Rajapaksa and his wife fled to the nearby Maldives on Wednesday aboard an air force jet. Rajapaska landed in Singapore Thursday where authorities there said he was on a "private visit" and had neither requested nor been granted asylum.
Reports earlier on Thursday said he was on his way to Singapore before possibly continuing on to Saudi Arabia.
"The authenticity and the legality of the e-mail will have to be checked out" before being formally accepted, parliament speaker spokesperson Indunil Yapa told the AFP news agency, adding that a formal announcement was expected on Friday.
Over the weekend, protesters had stormed Rajapaksa's presidential palace, and on Wednesday, they also occupied the office of Prime Minister Ranil Wickremesinghe, who had quickly taken over as acting president and now is bearing the brunt of the protesters' anger.
Wickremesinghe responded with a nationwide curfew, adding: "We can't allow fascists to take over."
After months of protests, the streets of Colombo were calm on Thursday morning after protesters appeared to broker a truce with authorities.

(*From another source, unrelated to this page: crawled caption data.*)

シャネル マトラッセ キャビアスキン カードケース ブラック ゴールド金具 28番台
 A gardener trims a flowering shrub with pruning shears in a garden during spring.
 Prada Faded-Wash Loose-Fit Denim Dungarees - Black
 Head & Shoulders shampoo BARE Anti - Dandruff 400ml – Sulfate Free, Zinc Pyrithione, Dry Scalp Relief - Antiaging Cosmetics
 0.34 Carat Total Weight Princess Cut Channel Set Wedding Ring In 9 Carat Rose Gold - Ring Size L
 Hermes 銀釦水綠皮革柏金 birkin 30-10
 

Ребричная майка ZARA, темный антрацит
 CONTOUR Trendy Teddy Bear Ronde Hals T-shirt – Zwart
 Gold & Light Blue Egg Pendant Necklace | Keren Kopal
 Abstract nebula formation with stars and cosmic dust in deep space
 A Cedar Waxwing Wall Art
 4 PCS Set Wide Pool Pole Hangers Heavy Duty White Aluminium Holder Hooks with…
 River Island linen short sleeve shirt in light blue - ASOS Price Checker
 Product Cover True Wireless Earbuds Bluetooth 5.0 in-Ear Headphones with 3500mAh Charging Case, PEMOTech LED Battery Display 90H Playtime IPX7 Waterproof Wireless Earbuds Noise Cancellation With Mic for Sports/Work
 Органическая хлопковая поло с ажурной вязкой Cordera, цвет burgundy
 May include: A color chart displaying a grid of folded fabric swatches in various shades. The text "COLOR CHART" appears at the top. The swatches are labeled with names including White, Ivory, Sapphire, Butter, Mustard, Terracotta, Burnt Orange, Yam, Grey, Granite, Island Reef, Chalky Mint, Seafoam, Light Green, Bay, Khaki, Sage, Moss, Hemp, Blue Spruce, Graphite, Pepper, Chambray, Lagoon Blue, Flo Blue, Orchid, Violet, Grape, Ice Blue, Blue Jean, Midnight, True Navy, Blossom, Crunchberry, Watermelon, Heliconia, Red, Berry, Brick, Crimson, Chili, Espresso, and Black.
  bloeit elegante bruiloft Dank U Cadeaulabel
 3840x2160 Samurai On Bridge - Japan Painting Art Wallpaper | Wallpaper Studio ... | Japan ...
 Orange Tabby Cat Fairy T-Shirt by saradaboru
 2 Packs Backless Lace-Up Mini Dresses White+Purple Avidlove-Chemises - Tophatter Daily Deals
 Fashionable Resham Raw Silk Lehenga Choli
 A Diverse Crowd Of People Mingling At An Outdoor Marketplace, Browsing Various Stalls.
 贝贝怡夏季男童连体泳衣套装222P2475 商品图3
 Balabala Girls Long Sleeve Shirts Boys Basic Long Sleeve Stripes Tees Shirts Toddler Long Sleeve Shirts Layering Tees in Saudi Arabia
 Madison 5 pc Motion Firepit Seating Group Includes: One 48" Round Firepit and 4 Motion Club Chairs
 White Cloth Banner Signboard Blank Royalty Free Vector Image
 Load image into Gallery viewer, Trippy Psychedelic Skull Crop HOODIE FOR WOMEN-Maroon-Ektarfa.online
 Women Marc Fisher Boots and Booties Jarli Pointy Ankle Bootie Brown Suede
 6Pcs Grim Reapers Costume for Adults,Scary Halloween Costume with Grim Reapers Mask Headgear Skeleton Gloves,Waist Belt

Protesters ready to stand down
"We are peacefully withdrawing from the presidential palace, the presidential secretariat and the prime minister's office with immediate effect but will continue our struggle," a spokesperson for the demonstrators said on Thursday morning.
The negotiations to vacate the occupied buildings follow clashes between protesters and police on Wednesday night outside parliament that saw one killed and 84 injured.
"This building is a national treasure and it should be protected," Omalpe Sobitha, a senior Buddhist monk who supported the protest movement, told reporters. "There must be a proper audit and the property given back to the state."
The road ahead
Sri Lankan lawmakers have agreed to elect a new president on July 20 to serve for the remainder of Rajapaksa's term, which ends in 2024. The new president could in theory appoint a new prime minister, pending the approval of parliament.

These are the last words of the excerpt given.